Birkbeck, a lifelong New Yorker who was born in the Bronx in 1956, is a poet, painter, sculptor, and draftsman. This multihyphenate maker’s work illustrates a sci-fi paradise where humankind is polyamorous, omnisexual, multigendered, magical. Sadly, however, his sensuous realms are often plagued by war. As in the art of Henry Darger or Malcolm Morley—both of whom are well known for their depictions of violent conflicts that were either based on the historical, the deeply personal, or a combination thereof—the brutality of real life and inner turmoil inevitably creep into Birkbeck’s fantastical narratives.
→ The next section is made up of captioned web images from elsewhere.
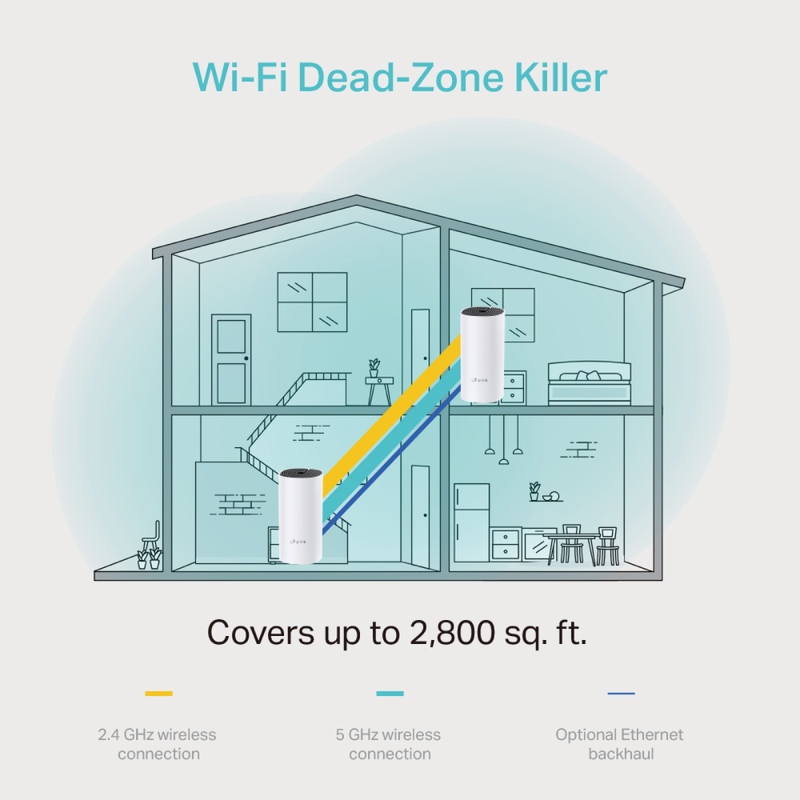 TP-Link Deco M4 Whole Home Mesh Wi-Fi System (2 Pack) Router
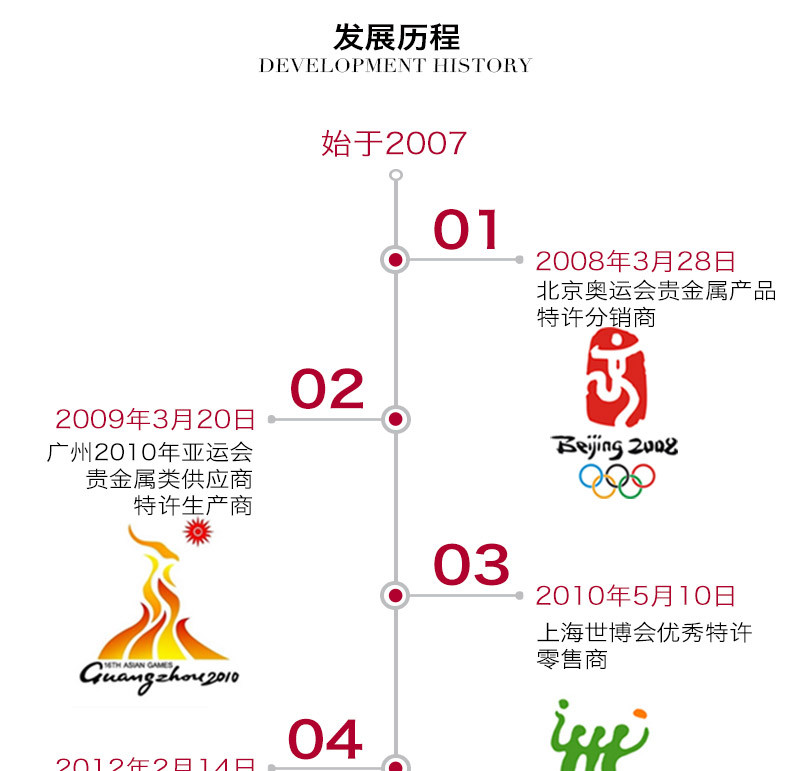 金一黄金吊坠 3D硬金工艺 拉丝鸡心 足金吊坠 不含链约1克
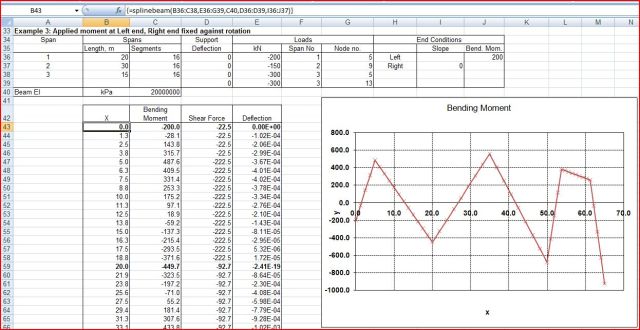 Example 3; Splinebeam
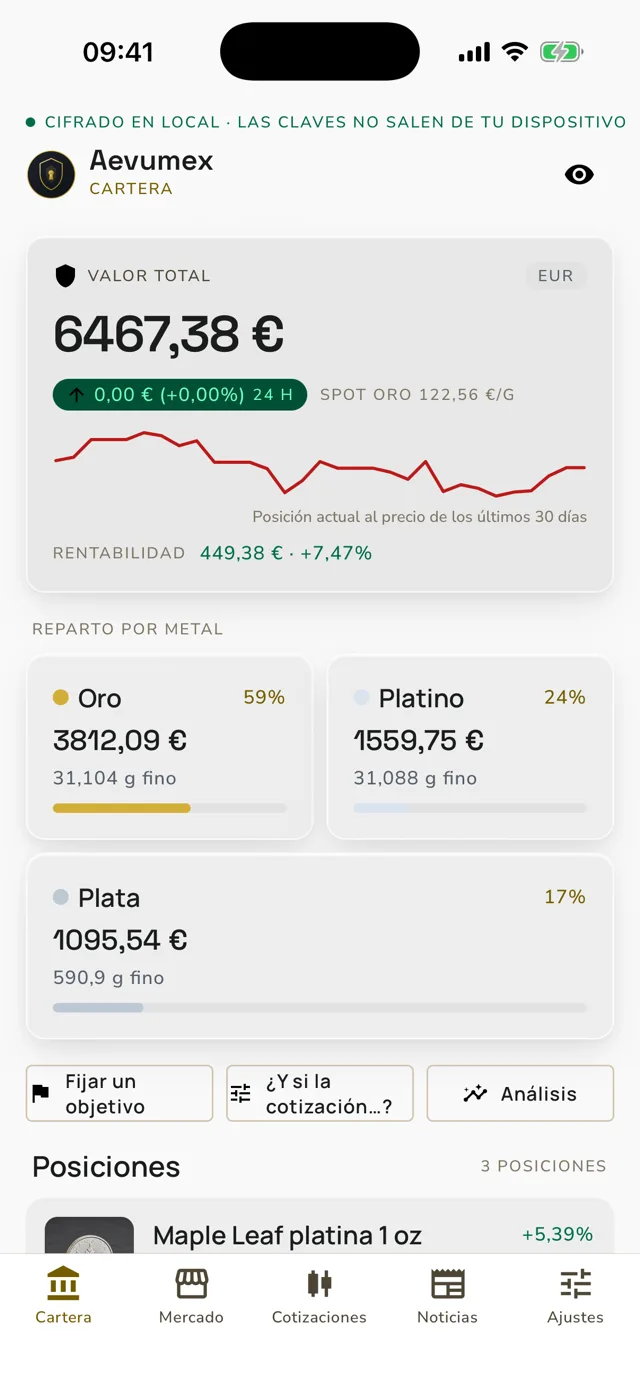 Cartera de Aevumex con valor total y distribución por metal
Yet his objects are always suffused by an unrepentant, hedonistic eroticism, a cockeyed humor, and a generous heart. He often inserts himself into his dynamic and frenetically wrought images, too: our queer, black Virgil—handsome, kinky—guiding us through all manner of wild adventure.
The exhibition was made up of several oil and oil-and-acrylic paintings, a number of ceramic sculptures, and a mural adjacent to the gallery’s big storefront window. Across from the entrance, a trio of canvases hung in a vertical row. Like a star on a Christmas tree sat the dainty Love Boat R.E.B. the Bearded Man (all works 2019), a self-portrait of the artist (Birckbeck’s initials make up the R.E.B. of the title) with two other burly guys on a cruise ship, surrounded by verdant hills and what might be half of a teal sun in a milky sky. All of the men are nude and proudly display their bellies, tits, and dicks (the last of which called to mind pieces of fresh marzipan). The scene in the painting below this one took place on a battlefield and again starred Patton, shooting off some kind of phallic-ooze cannon. Soldiers in Batman costumes surround him as a fleet of sauropods comes racing in from behind. Planes and zeppelins dot the air, while the turquoise silhouettes of ships quiver in the background. Near these works were four modestly sized ceramic pieces arranged on a shelf, including B.A.T. (the acronym stands for Battle Action Teams), another rendition of the Caped Crusader (who comes with a removable beanie); and R.E.B. in Training, Doing the Splits, another Birkbeck self-portrait, positioned as the title describes, with arms outstretched and head aimed high, like a sassy Broadway baby.
But the exhibition’s golden sweetheart was the four-foot-square, oil-and-acrylic Love on the Beach, in which a radiant Birkbeck, towering like a splendid sex god, is breastfeeding other American war heroes—including Admirals William Halsey Jr. and Chester W. Nimitz—at a ritualistic-looking orgy under a sliver of palm tree. J. Edgar Hoover and a male friend, both naked and hard, take in the juicy action from the sidelines. Birkbeck stares right at the viewer as his group of sucklings greedily eat, grope, and fuck. He looks surprised—not because of what’s happening, of course, but because you’re just standing there and not joining in.